[PATCH rdma-core 07/11] libbnxtre: Enable UD control path and wqe posting

[Date Prev][Date Next][Thread Prev][Thread Next][Date Index][Thread Index]

 



This patch adds infrastructure needed to enable unreliable
datagram control path. It also adds support to allow posting
Send WQEs to UD QPs. Following are the major changes:

 - Mmap the shared page exported from kernel driver to
   read AH-ID from kernel space.
 - Adds support to create-AH and destroy-AH.
 - Add support to allow posting UD WQEs.
 - Do not use search-psn memory for UD QPs.

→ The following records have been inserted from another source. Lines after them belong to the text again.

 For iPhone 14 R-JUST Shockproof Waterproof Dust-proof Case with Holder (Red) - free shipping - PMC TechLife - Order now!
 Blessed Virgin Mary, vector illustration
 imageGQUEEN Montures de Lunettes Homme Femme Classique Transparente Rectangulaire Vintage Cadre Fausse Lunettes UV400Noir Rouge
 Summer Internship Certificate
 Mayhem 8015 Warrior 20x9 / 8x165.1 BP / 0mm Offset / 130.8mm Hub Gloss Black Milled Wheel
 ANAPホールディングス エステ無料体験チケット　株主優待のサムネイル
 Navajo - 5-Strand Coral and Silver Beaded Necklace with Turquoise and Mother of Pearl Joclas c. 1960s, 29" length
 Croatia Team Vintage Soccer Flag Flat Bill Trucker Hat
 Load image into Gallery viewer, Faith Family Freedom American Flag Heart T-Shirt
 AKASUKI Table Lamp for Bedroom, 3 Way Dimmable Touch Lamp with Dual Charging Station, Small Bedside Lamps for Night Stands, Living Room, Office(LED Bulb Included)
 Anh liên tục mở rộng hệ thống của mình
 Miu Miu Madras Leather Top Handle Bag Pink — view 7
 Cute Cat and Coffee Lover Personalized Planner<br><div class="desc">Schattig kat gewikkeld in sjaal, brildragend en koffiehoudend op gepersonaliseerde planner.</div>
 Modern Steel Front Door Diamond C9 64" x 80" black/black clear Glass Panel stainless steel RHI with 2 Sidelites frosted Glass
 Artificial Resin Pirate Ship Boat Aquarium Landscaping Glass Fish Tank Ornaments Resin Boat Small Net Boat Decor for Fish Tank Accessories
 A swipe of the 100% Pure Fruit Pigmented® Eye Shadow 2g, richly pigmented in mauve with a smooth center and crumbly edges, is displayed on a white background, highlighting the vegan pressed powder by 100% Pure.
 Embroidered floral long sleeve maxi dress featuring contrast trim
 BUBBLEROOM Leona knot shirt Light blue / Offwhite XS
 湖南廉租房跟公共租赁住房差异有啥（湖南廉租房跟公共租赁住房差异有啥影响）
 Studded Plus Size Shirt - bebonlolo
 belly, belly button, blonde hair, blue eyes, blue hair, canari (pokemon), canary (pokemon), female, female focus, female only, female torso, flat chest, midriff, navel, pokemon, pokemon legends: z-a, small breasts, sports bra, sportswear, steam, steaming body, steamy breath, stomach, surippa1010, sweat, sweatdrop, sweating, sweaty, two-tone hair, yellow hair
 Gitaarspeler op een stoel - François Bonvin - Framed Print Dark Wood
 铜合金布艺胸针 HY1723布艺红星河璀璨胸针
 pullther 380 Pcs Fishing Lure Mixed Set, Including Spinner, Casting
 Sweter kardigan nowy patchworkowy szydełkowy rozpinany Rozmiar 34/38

Signed-off-by: Sriharsha Basavapatna <sriharsha.basavapatna@xxxxxxxxxxxx>
Signed-off-by: Somnath Kotur <somnath.kotur@xxxxxxxxxxxx>
Signed-off-by: Selvin Xavier <selvin.xavier@xxxxxxxxxxxx>
Signed-off-by: Devesh Sharma <devesh.sharma@xxxxxxxxxxxx>
---
 providers/bnxtre/abi.h   |  7 ++++
 providers/bnxtre/main.c  | 17 +++++++++
 providers/bnxtre/main.h  | 13 +++++++
 providers/bnxtre/verbs.c | 98 +++++++++++++++++++++++++++++++++++++++---------
 4 files changed, 117 insertions(+), 18 deletions(-)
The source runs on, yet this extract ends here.